> [How to complete this task]: All entries are to be retyped without alteration.

> [Raw data]:
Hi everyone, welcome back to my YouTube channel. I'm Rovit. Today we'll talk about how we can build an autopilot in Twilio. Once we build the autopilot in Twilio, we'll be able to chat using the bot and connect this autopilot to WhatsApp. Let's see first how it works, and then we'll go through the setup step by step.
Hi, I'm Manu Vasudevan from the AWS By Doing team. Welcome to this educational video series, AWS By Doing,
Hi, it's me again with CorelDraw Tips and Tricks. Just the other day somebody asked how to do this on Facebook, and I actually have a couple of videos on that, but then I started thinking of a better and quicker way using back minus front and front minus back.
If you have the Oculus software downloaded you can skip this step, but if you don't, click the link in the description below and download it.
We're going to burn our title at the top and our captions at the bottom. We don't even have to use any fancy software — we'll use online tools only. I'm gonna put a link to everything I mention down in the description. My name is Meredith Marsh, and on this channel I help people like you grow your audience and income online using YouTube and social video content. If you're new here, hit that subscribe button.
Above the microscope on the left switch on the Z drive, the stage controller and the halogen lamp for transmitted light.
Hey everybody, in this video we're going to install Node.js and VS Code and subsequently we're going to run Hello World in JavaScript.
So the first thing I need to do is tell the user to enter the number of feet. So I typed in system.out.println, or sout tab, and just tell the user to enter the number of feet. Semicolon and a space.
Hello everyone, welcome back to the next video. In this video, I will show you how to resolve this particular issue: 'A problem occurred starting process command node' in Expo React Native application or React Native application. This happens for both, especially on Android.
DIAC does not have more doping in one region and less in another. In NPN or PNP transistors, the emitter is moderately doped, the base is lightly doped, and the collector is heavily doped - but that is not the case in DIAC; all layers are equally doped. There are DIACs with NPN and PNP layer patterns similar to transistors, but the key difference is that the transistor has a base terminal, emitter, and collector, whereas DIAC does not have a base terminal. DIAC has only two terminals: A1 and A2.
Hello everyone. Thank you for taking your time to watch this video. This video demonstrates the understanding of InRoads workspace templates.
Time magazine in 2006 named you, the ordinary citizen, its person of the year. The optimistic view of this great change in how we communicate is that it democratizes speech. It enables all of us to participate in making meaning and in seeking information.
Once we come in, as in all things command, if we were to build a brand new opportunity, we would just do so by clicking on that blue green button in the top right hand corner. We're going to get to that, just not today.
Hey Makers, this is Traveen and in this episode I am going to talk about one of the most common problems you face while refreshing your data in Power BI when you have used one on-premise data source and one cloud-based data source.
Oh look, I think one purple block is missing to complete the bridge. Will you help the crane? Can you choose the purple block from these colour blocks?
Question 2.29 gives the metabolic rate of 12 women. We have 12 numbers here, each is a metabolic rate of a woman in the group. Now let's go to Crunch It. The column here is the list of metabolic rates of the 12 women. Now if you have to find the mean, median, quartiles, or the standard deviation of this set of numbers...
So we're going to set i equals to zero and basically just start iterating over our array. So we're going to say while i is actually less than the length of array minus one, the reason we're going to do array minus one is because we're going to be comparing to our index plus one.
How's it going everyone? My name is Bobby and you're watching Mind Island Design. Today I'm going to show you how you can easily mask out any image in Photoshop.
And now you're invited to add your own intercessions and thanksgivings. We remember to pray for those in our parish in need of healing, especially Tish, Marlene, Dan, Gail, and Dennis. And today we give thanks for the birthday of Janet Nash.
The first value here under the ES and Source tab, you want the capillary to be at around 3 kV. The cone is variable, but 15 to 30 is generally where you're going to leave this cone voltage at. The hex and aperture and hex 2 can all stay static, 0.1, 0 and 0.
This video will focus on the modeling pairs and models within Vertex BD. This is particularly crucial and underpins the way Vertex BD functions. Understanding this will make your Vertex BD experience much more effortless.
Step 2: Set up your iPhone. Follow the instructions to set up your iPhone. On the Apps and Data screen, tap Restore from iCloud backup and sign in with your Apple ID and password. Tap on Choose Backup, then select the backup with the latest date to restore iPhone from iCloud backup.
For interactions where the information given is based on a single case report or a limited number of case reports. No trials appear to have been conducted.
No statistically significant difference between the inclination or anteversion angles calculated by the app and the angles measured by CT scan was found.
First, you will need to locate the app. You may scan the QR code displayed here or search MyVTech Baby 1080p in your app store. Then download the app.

> [Solution to the exercise]:
Hi everyone, welcome back to my YouTube channel. I'm Rovit. Today we'll talk about how we can build an autopilot in Twilio. Once we build the autopilot in Twilio, we'll be able to chat using the bot and connect this autopilot to WhatsApp. Let's see first how it works, and then we'll go through the setup step by step.
Hi, I'm Manu Vasudevan from the AWS By Doing team. Welcome to this educational video series, AWS By Doing,
Hi, it's me again with CorelDraw Tips and Tricks. Just the other day somebody asked how to do this on Facebook, and I actually have a couple of videos on that, but then I started thinking of a better and quicker way using back minus front and front minus back.
If you have the Oculus software downloaded you can skip this step, but if you don't, click the link in the description below and download it.
We're going to burn our title at the top and our captions at the bottom. We don't even have to use any fancy software — we'll use online tools only. I'm gonna put a link to everything I mention down in the description. My name is Meredith Marsh, and on this channel I help people like you grow your audience and income online using YouTube and social video content. If you're new here, hit that subscribe button.
Above the microscope on the left switch on the Z drive, the stage controller and the halogen lamp for transmitted light.
Hey everybody, in this video we're going to install Node.js and VS Code and subsequently we're going to run Hello World in JavaScript.
So the first thing I need to do is tell the user to enter the number of feet. So I typed in system.out.println, or sout tab, and just tell the user to enter the number of feet. Semicolon and a space.
Hello everyone, welcome back to the next video. In this video, I will show you how to resolve this particular issue: 'A problem occurred starting process command node' in Expo React Native application or React Native application. This happens for both, especially on Android.
DIAC does not have more doping in one region and less in another. In NPN or PNP transistors, the emitter is moderately doped, the base is lightly doped, and the collector is heavily doped - but that is not the case in DIAC; all layers are equally doped. There are DIACs with NPN and PNP layer patterns similar to transistors, but the key difference is that the transistor has a base terminal, emitter, and collector, whereas DIAC does not have a base terminal. DIAC has only two terminals: A1 and A2.
Hello everyone. Thank you for taking your time to watch this video. This video demonstrates the understanding of InRoads workspace templates.
Time magazine in 2006 named you, the ordinary citizen, its person of the year. The optimistic view of this great change in how we communicate is that it democratizes speech. It enables all of us to participate in making meaning and in seeking information.
Once we come in, as in all things command, if we were to build a brand new opportunity, we would just do so by clicking on that blue green button in the top right hand corner. We're going to get to that, just not today.
Hey Makers, this is Traveen and in this episode I am going to talk about one of the most common problems you face while refreshing your data in Power BI when you have used one on-premise data source and one cloud-based data source.
Oh look, I think one purple block is missing to complete the bridge. Will you help the crane? Can you choose the purple block from these colour blocks?
Question 2.29 gives the metabolic rate of 12 women. We have 12 numbers here, each is a metabolic rate of a woman in the group. Now let's go to Crunch It. The column here is the list of metabolic rates of the 12 women. Now if you have to find the mean, median, quartiles, or the standard deviation of this set of numbers...
So we're going to set i equals to zero and basically just start iterating over our array. So we're going to say while i is actually less than the length of array minus one, the reason we're going to do array minus one is because we're going to be comparing to our index plus one.
How's it going everyone? My name is Bobby and you're watching Mind Island Design. Today I'm going to show you how you can easily mask out any image in Photoshop.
And now you're invited to add your own intercessions and thanksgivings. We remember to pray for those in our parish in need of healing, especially Tish, Marlene, Dan, Gail, and Dennis. And today we give thanks for the birthday of Janet Nash.
The first value here under the ES and Source tab, you want the capillary to be at around 3 kV. The cone is variable, but 15 to 30 is generally where you're going to leave this cone voltage at. The hex and aperture and hex 2 can all stay static, 0.1, 0 and 0.
This video will focus on the modeling pairs and models within Vertex BD. This is particularly crucial and underpins the way Vertex BD functions. Understanding this will make your Vertex BD experience much more effortless.
Step 2: Set up your iPhone. Follow the instructions to set up your iPhone. On the Apps and Data screen, tap Restore from iCloud backup and sign in with your Apple ID and password. Tap on Choose Backup, then select the backup with the latest date to restore iPhone from iCloud backup.
For interactions where the information given is based on a single case report or a limited number of case reports. No trials appear to have been conducted.
No statistically significant difference between the inclination or anteversion angles calculated by the app and the angles measured by CT scan was found.
First, you will need to locate the app. You may scan the QR code displayed here or search MyVTech Baby 1080p in your app store. Then download the app.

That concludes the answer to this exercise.